EXERCISE:
Below are records; please write out exactly the lines from the first line through the line containing "Don't Sit In", with no pictures.

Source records
_ _ _ _

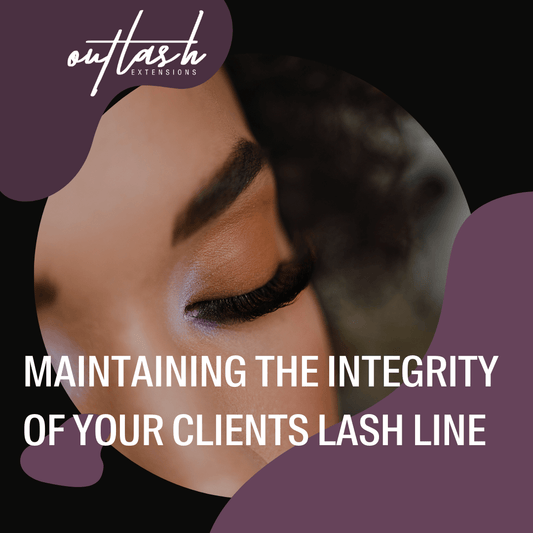 Maintaining the Integrity of your Clients Lash Line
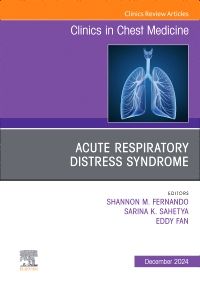 Acute Respiratory Distress Syndrome, An Issue of Clinics in Chest Medicine, E-Book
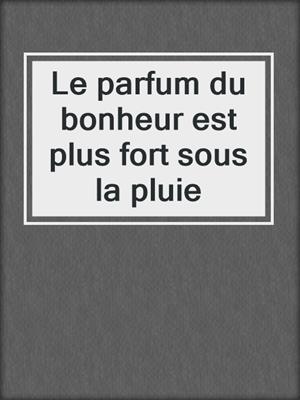 Le parfum du bonheur est plus fort sous la pluie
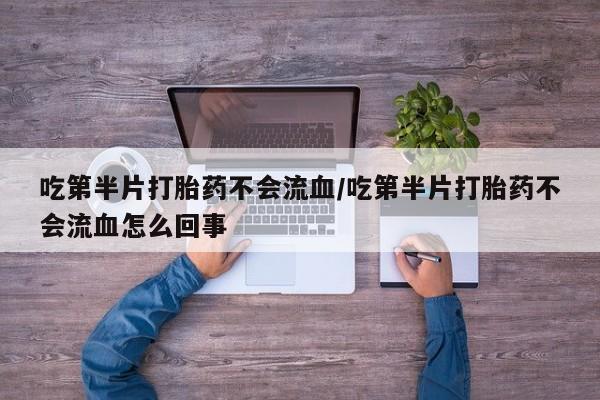 打胎药全国包邮微信吃第半片打胎药不会流血/吃第半片打胎药不会流血怎么回事
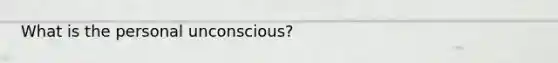 What is the personal unconscious?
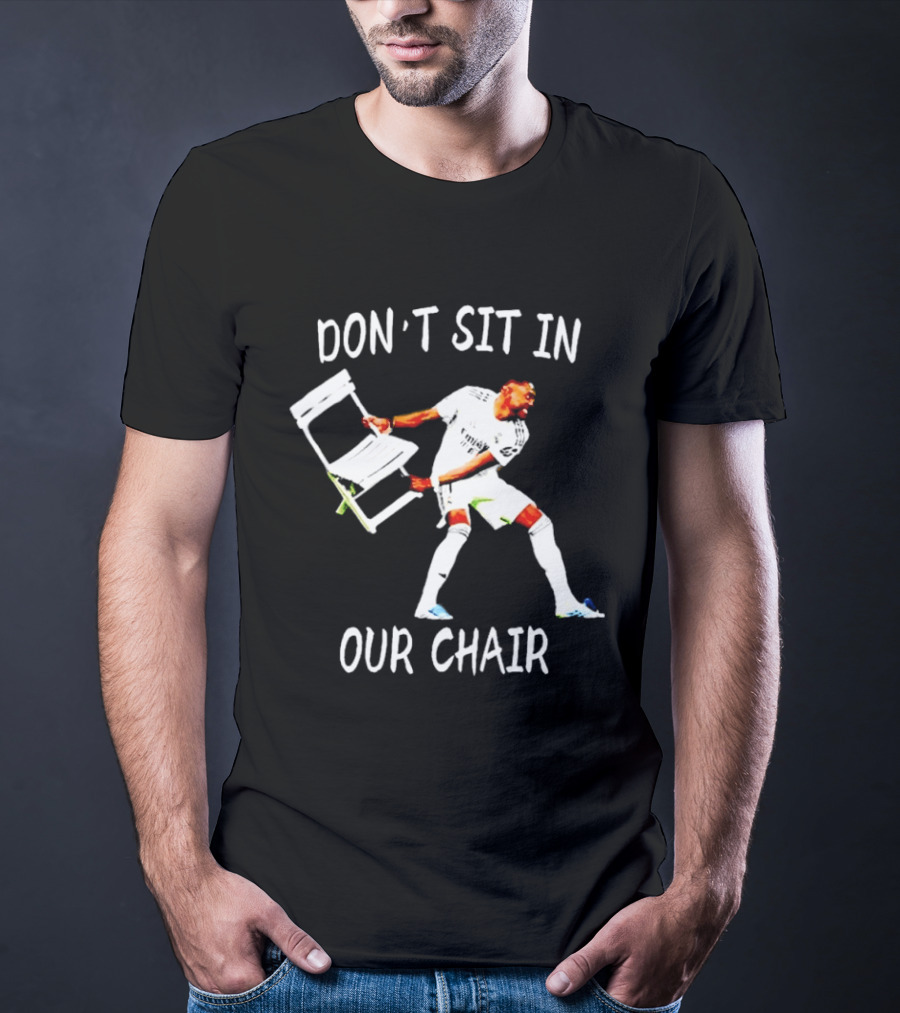 Don't Sit In Our Chair Celebration David Alaba T-Shirt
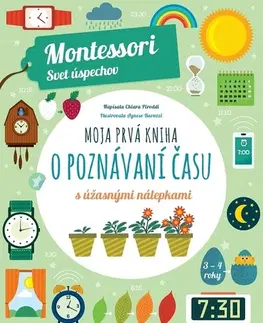 Nalepovačky, vystrihovačky, skladačky Moja prvá kniha o poznávaní času (Montessori: Svet úspechov) - Chiara Piroddi,Agnese Baruzzi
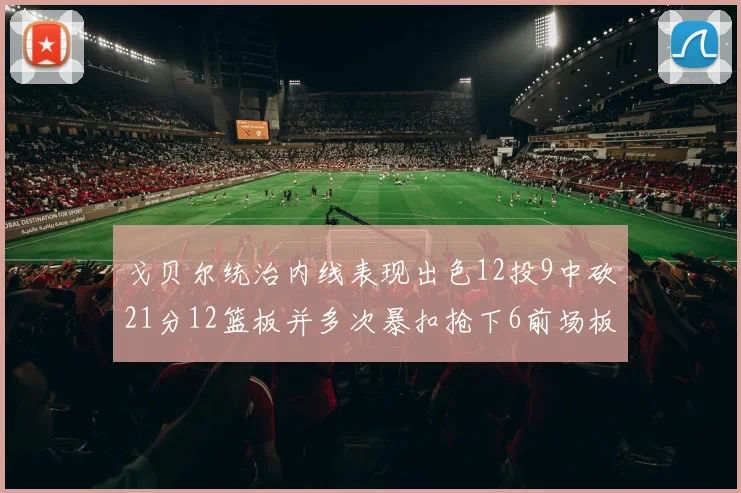 戈贝尔统治内线表现出色12投9中砍21分12篮板并多次暴扣抢下6前场板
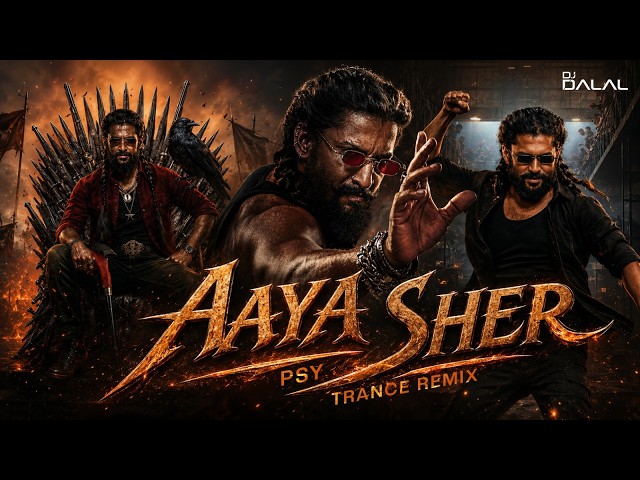 Aaya Sher (Telugu) 🐯 PSY Trance Remix | DJ Dalal London | The Paradise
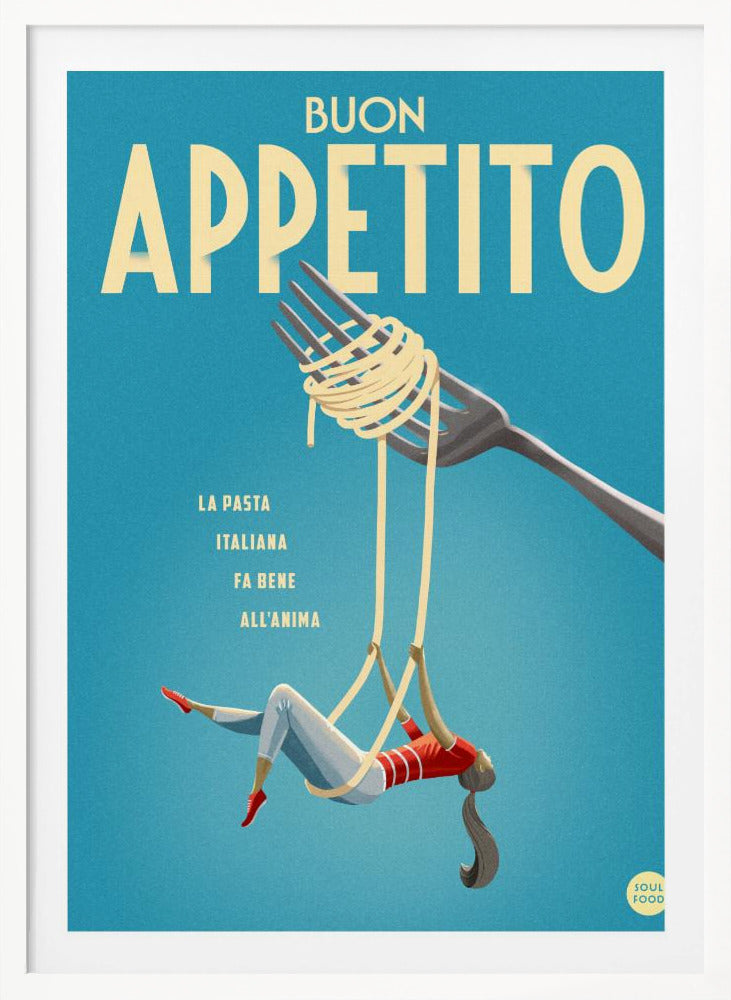 Buon Appetito - Poster / Art Print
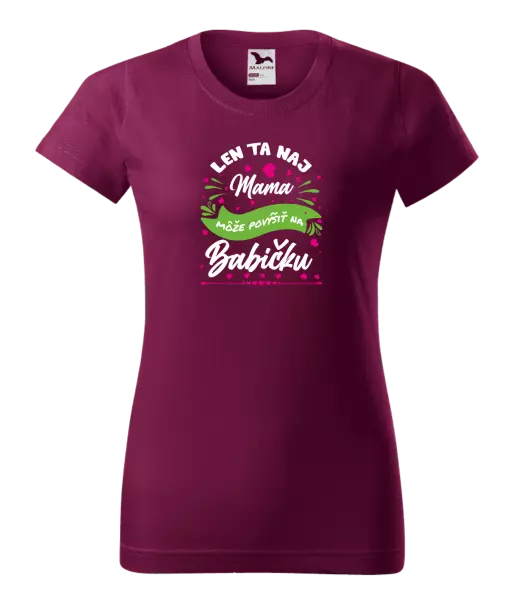 Dámske tričko Len ta naj mama môže povýšiť na babičku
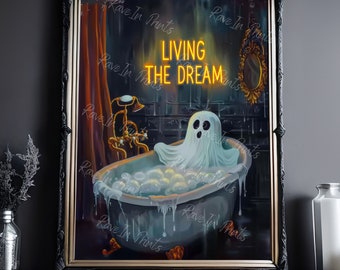 Living The Dream Ghost In The Bath Tub, Halloween Decor, Bubble Bath Ghost, Vintage Poster, Bathroom Decor, Gothic Home Decor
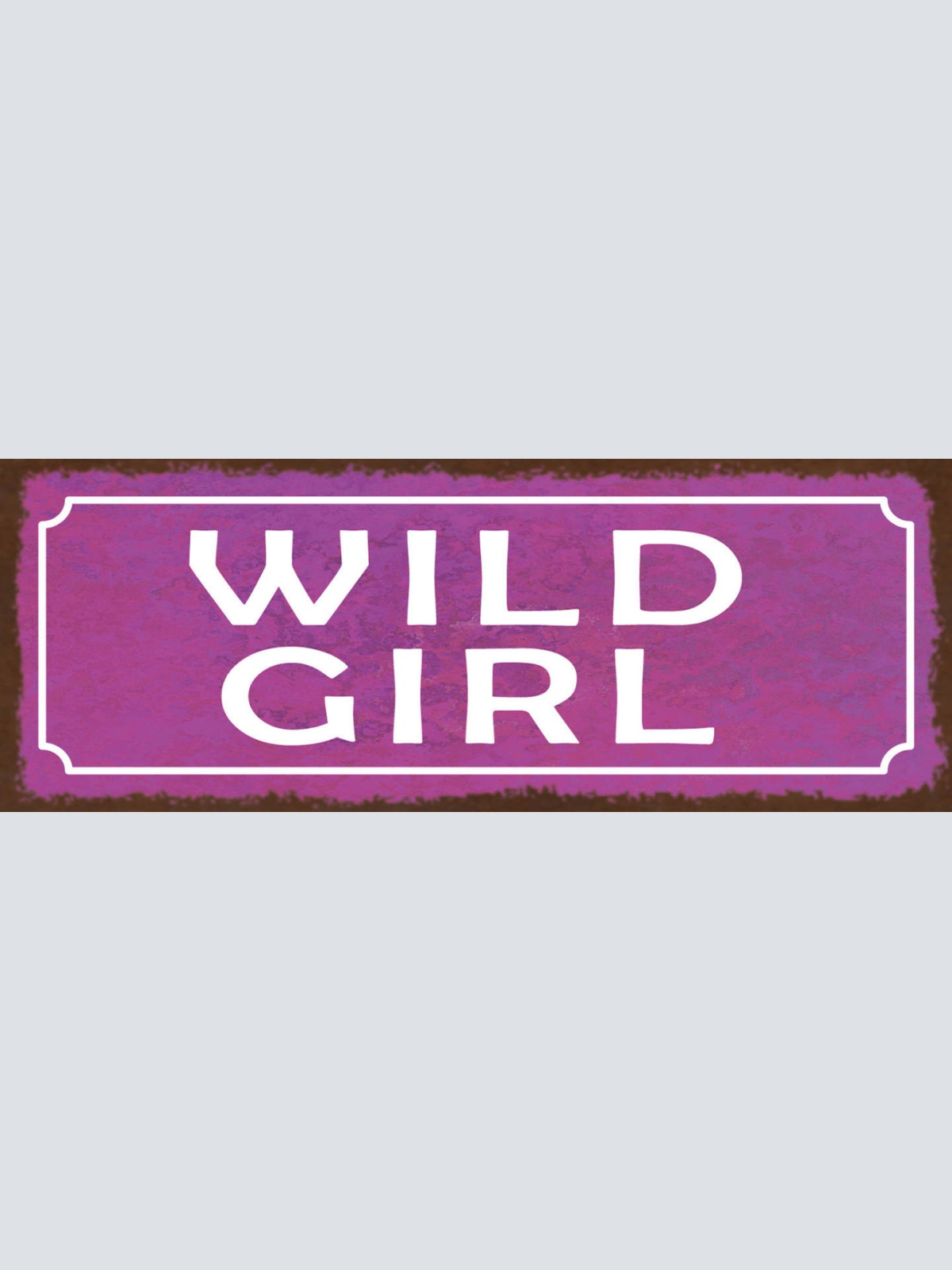 Schild Wild Girl Wildes Mädchen Frau Verrückt Ungezähmt 27x10 Blech od.Holz
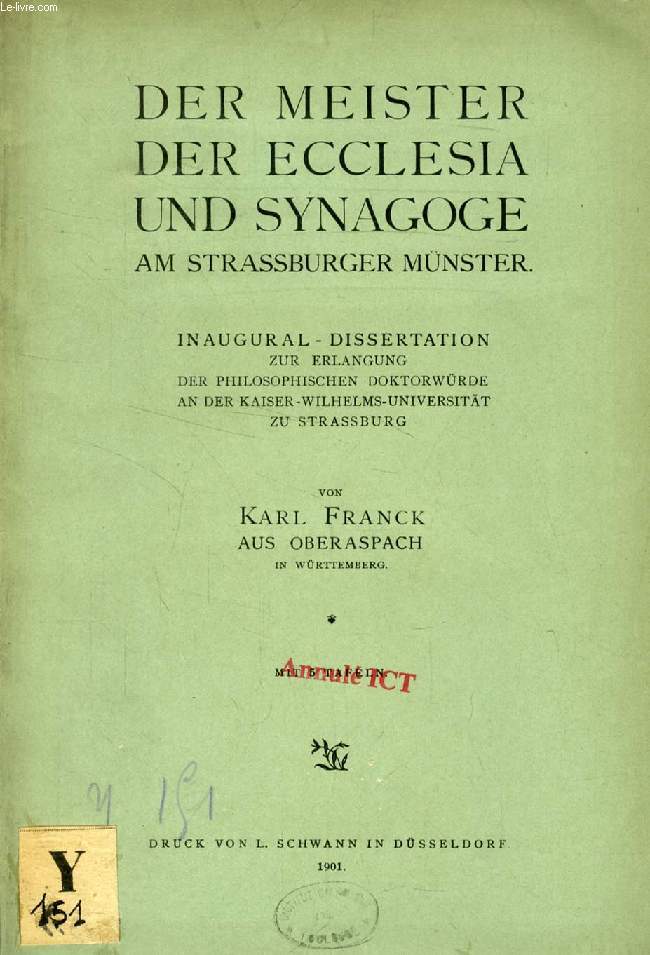 DER MEISTER DER ECCLESIA UND SYNAGOGE AM STRASSBURGER MNSTER (INAUGURAL-DISSERTATION)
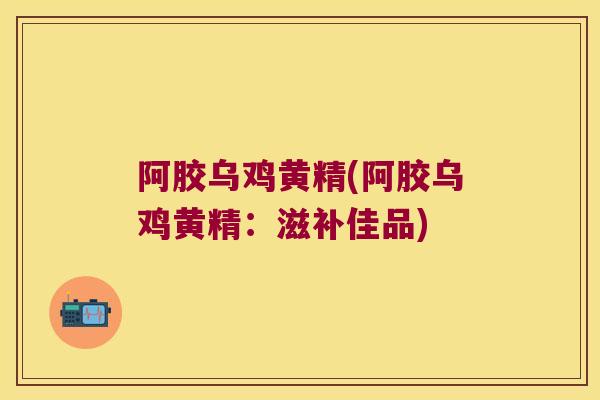 阿胶乌鸡黄精(阿胶乌鸡黄精:滋补佳品) 阿胶乌鸡黄精(阿胶乌鸡黄精:滋补佳品)
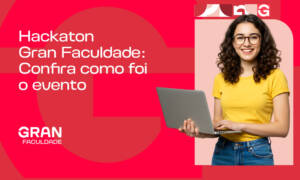 Hackaton Gran Faculdade: como foi a cerimônia de encerramento? Confira!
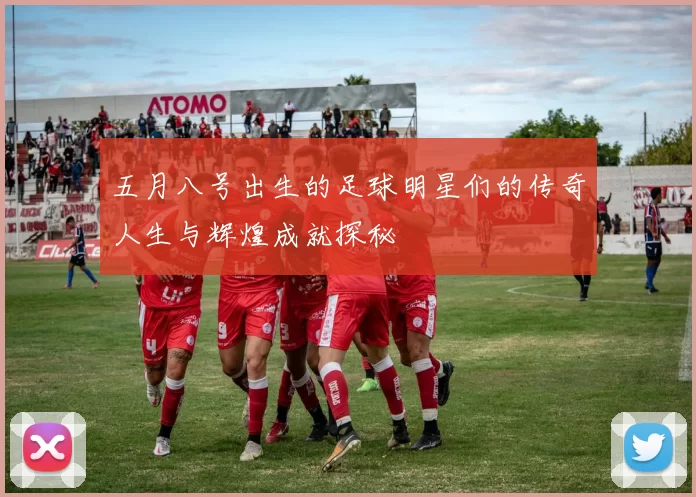 五月八号出生的足球明星们的传奇人生与辉煌成就探秘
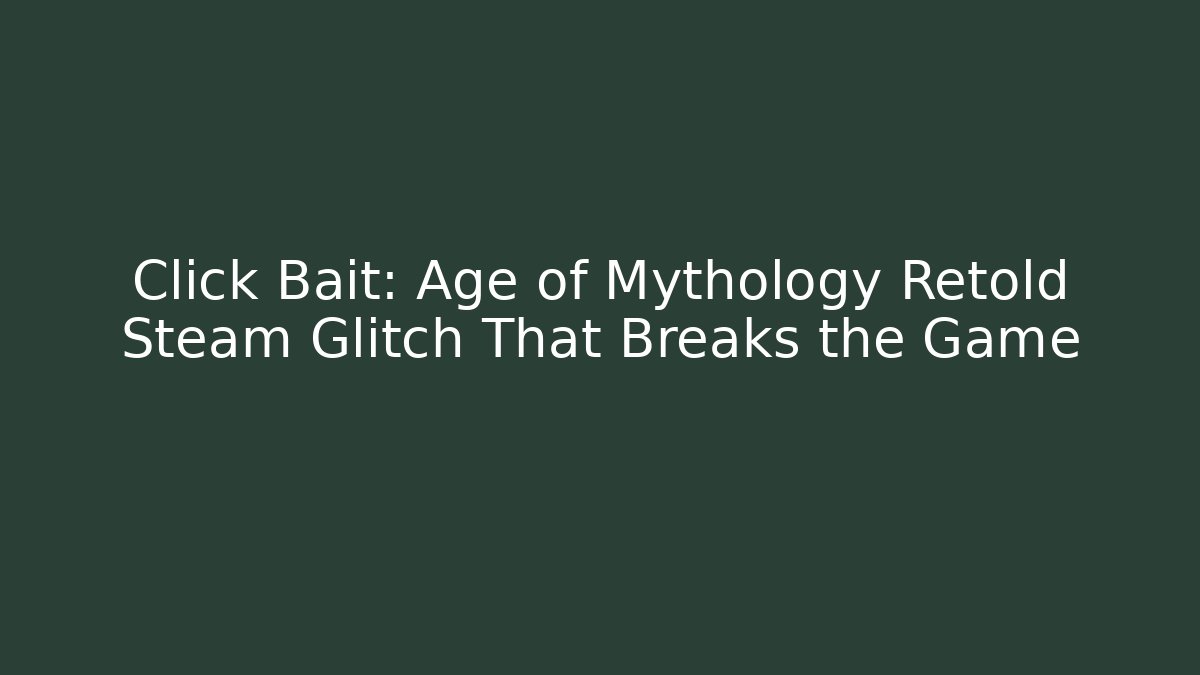 Click Bait: Age of Mythology Retold Steam Glitch That Breaks the Game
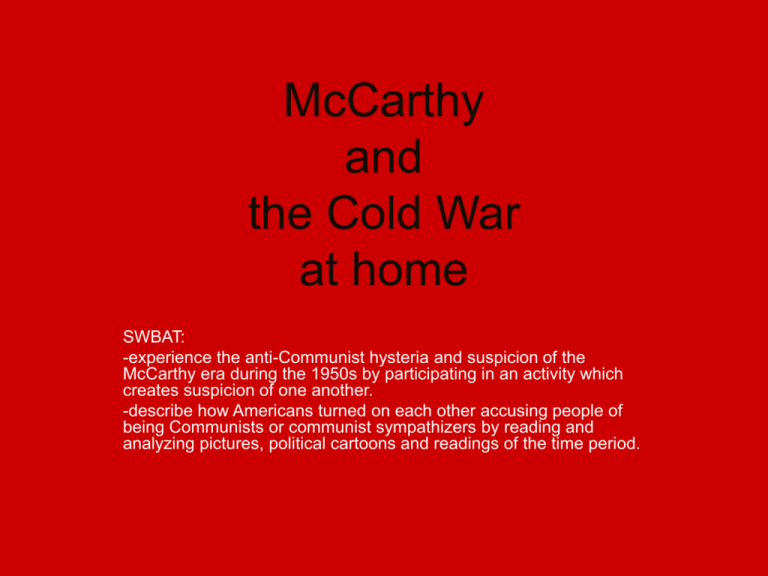 McCarthy And The Cold War At Home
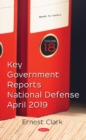 Image for Key Government Reports : Volume 18: National Defense -- April 2019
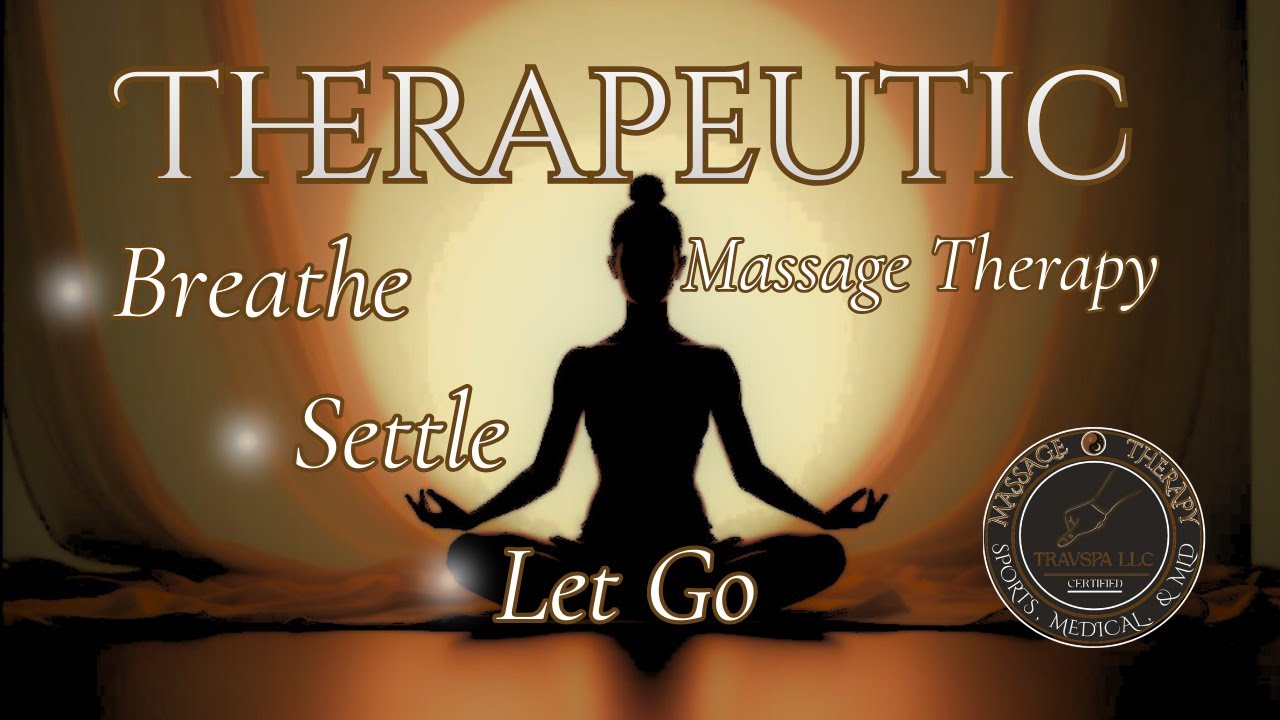 Therapeutic Massage | Focused Relaxation Playlist + Wellness Tips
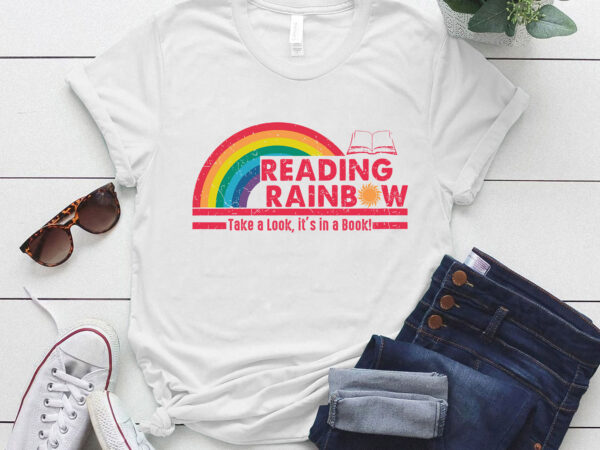 Rainbow take a look it_s in a book reading bookworm teacher shirt ltsp t shirt design online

_ _ _ _

OUTPUT FOR THIS EXERCISE:
 Maintaining the Integrity of your Clients Lash Line
 Acute Respiratory Distress Syndrome, An Issue of Clinics in Chest Medicine, E-Book
 Le parfum du bonheur est plus fort sous la pluie
 打胎药全国包邮微信吃第半片打胎药不会流血/吃第半片打胎药不会流血怎么回事
 What is the personal unconscious?
 Don't Sit In Our Chair Celebration David Alaba T-Shirt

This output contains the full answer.